When you saw the first indications that the expansion of the universe was accelerating, how long did it take for you to believe your results?
Adam Riess sent me a preliminary preview at the end of 1997, and when I saw it I just assumed we made a mistake and it would go away.
So you know, after six weeks of plotting around, it was pretty clear that the result was not going to go away, and it just sort of slowly sunk in over a period of a couple of months. At some point it kind of sinks in and you're like, 'Oh, geeze. What are we going to do now? No one's going to believe this!' [Twisted Physics: 7 Mind-Blowing Findings]
Was it gratifying that the other team led by Saul Perlmutter found the same thing?
I was surprised because one of the reasons I was so worried back in the end of 1997 was because preliminary results from the Supernova Cosmology Project were saying not that the universe was speeding up, but rather that the universe was slowing down and slowing down quickly.
And so it's one thing to have a crazy result, and it's another thing to completely disagree with the other team doing a very similar experiment. So yeah, it was a little reassuring to see that we were getting the same thing once we found out about each other's results.

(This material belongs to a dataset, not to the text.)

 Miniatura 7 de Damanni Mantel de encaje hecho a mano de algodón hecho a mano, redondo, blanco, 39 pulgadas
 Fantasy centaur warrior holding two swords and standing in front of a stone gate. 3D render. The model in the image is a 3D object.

Do you think dark energy is the explanation behind this acceleration?
It's definitely hard. We are guessing that the universe is filled with energy, that's our best guess.
We're getting the Nobel Prize, not for dark energy — we're getting it for seeing the accelerated expansion of the universe. And so while I don’t think we're absolutely sure it's dark energy, I think that's the best explanation. But it could well be something even more exotic.
How do you think the universe will end?
The fate of the universe looks pretty bleak.
The universe is going to expand faster and faster over time and the reality that we see now will eventually fade away from view. It will be so far away that we won't be able to see its light anymore.
And so, while our own galaxy and a couple of other nearby galaxies will sort of merge together to form some super-galaxy, all the stars will eventually die because they run out of nuclear fuel, so we'll have a bunch of burned out embers surrounded by a sea of nothingness.
Do you find that depressing?
It's certainly sobering. It's certainly not the way I would have chosen for the universe to end. But, you know, the universe does what it wants, and I'm just here to figure out what it's doing. I can't judge it.
What inspired you to become an astronomer?
My father was a biologist. My parents had me when they were very young, so I remember my dad starting a PhD., and I remember my dad finishing a PhD. I remember having science around me from a very young age. I always wanted to be a scientist.
I became interested in astronomy when Comet West came by in 1975. That comet made me realize that the sky was interesting to look at. My dad bought me a very inexpensive telescope that I could look through.